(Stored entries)

Content starts

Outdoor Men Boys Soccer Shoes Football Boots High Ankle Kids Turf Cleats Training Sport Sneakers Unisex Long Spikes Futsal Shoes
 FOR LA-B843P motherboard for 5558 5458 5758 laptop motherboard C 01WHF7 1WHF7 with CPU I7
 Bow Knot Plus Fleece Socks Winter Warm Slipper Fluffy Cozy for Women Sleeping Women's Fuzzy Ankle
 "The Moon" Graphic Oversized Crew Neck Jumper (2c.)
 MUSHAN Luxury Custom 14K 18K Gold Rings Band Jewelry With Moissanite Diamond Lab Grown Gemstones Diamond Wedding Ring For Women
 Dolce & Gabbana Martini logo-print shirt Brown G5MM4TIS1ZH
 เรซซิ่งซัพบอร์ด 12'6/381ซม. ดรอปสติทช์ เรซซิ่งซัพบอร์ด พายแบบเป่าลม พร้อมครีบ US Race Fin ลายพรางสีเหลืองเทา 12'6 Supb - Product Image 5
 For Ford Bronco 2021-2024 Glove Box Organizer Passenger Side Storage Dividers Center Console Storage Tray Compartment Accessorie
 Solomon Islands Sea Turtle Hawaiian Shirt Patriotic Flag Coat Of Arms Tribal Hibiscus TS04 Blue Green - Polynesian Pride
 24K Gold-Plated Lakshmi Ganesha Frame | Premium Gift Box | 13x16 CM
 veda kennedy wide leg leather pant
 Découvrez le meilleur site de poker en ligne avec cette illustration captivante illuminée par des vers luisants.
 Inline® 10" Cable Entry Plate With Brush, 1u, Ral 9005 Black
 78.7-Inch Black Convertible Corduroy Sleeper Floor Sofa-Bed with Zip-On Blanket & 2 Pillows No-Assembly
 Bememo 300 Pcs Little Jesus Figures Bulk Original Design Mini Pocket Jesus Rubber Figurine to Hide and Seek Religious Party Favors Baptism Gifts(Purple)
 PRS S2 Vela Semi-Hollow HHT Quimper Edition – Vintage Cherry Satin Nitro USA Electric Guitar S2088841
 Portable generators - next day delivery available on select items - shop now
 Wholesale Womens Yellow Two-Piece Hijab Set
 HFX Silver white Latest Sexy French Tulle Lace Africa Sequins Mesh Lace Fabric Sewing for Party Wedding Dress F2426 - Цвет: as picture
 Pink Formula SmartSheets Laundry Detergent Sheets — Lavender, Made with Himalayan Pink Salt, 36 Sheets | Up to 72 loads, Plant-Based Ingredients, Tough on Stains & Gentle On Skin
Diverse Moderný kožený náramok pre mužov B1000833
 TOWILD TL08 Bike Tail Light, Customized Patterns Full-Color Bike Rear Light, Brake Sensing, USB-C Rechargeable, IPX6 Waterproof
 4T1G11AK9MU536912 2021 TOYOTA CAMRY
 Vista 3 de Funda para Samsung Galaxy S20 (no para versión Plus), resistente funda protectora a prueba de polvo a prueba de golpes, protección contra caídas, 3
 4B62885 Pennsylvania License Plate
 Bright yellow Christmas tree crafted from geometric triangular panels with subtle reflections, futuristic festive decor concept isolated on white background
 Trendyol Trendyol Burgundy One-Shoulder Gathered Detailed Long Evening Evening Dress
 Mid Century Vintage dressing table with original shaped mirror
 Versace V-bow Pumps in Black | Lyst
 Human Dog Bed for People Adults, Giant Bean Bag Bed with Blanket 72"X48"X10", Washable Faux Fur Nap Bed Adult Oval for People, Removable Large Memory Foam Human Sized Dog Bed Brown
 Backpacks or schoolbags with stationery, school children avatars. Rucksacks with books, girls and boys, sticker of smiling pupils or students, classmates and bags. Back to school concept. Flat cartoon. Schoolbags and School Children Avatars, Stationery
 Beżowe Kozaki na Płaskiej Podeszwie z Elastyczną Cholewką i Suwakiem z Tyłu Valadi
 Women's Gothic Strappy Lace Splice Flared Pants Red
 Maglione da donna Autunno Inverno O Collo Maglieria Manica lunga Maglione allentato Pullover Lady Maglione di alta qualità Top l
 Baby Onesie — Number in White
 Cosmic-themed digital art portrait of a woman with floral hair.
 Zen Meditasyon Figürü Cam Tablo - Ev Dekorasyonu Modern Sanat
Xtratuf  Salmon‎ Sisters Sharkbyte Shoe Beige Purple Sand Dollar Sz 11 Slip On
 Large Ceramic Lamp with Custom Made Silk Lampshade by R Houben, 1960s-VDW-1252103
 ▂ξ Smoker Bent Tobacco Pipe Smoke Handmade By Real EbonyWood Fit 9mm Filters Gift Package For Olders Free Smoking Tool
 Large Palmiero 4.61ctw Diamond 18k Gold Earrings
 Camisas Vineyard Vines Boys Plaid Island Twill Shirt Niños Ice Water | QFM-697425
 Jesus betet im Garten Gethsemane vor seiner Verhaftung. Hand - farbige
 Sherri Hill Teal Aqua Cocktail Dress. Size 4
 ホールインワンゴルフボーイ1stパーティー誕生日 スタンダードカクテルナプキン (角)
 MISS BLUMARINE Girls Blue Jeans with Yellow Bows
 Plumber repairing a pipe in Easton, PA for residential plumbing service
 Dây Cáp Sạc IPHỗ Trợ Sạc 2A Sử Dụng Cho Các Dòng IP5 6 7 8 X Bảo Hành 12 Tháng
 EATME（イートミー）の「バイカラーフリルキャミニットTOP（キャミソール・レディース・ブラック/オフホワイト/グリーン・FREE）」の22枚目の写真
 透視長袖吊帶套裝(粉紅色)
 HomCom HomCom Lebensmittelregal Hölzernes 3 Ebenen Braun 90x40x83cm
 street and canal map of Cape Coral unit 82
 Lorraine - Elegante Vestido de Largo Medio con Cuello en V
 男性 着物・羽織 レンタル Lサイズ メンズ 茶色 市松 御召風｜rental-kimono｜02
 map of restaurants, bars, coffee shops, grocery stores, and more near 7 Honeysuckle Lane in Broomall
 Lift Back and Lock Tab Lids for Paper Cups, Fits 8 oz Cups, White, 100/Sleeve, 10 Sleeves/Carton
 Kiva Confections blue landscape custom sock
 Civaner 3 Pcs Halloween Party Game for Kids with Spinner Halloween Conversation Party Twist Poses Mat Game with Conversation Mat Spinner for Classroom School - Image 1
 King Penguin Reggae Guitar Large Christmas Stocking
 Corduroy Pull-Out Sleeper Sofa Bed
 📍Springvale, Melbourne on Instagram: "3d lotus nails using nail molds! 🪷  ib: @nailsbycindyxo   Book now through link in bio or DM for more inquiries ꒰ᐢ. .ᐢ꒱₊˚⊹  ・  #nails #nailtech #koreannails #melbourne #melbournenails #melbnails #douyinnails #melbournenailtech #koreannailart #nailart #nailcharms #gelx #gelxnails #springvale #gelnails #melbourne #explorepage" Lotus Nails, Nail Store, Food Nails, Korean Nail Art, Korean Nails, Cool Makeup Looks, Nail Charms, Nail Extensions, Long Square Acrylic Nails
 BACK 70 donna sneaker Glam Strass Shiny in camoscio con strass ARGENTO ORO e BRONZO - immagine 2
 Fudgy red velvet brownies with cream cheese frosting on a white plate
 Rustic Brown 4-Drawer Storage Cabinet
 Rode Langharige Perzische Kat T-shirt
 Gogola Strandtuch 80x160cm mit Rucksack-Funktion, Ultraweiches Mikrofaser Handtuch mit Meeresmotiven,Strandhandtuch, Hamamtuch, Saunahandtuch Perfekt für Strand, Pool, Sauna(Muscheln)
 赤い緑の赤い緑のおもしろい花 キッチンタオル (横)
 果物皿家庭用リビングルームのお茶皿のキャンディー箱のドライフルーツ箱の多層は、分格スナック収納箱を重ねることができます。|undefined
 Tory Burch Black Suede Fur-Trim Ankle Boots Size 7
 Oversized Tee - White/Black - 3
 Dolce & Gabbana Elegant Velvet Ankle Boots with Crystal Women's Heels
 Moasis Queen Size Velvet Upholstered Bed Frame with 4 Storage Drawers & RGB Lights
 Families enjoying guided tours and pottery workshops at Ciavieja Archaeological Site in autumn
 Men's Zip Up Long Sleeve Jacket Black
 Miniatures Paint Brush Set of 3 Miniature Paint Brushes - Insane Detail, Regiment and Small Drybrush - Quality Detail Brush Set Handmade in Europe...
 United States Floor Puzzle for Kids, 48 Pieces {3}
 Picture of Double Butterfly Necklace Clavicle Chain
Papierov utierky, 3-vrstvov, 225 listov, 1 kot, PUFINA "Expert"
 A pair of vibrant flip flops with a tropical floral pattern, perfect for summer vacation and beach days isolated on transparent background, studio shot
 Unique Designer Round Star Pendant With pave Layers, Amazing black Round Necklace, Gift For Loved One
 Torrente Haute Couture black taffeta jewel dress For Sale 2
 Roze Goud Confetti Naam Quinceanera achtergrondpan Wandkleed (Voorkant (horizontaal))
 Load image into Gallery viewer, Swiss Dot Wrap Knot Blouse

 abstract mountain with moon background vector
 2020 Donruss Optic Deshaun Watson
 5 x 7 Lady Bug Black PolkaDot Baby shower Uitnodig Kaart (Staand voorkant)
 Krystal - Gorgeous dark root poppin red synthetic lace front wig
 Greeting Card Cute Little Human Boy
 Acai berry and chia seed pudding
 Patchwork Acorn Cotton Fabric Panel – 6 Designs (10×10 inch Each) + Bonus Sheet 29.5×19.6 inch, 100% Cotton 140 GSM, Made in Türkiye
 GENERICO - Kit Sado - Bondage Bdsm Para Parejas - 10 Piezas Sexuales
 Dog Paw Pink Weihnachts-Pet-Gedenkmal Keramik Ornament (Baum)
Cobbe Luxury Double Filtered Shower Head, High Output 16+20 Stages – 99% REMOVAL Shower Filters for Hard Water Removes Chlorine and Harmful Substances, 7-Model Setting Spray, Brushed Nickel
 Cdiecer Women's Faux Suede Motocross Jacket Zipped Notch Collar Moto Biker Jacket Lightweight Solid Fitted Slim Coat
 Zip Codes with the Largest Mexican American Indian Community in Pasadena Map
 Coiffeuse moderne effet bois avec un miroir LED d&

Content ends

◆ Aim of the task:
From the records above, quote only the lines running from the line with "MUSHAN Luxury Custom" to the line with "Solomon Islands Sea", both lines included.

◆ Written answer:
 MUSHAN Luxury Custom 14K 18K Gold Rings Band Jewelry With Moissanite Diamond Lab Grown Gemstones Diamond Wedding Ring For Women
 Dolce & Gabbana Martini logo-print shirt Brown G5MM4TIS1ZH
 เรซซิ่งซัพบอร์ด 12'6/381ซม. ดรอปสติทช์ เรซซิ่งซัพบอร์ด พายแบบเป่าลม พร้อมครีบ US Race Fin ลายพรางสีเหลืองเทา 12'6 Supb - Product Image 5
 For Ford Bronco 2021-2024 Glove Box Organizer Passenger Side Storage Dividers Center Console Storage Tray Compartment Accessorie
 Solomon Islands Sea Turtle Hawaiian Shirt Patriotic Flag Coat Of Arms Tribal Hibiscus TS04 Blue Green - Polynesian Pride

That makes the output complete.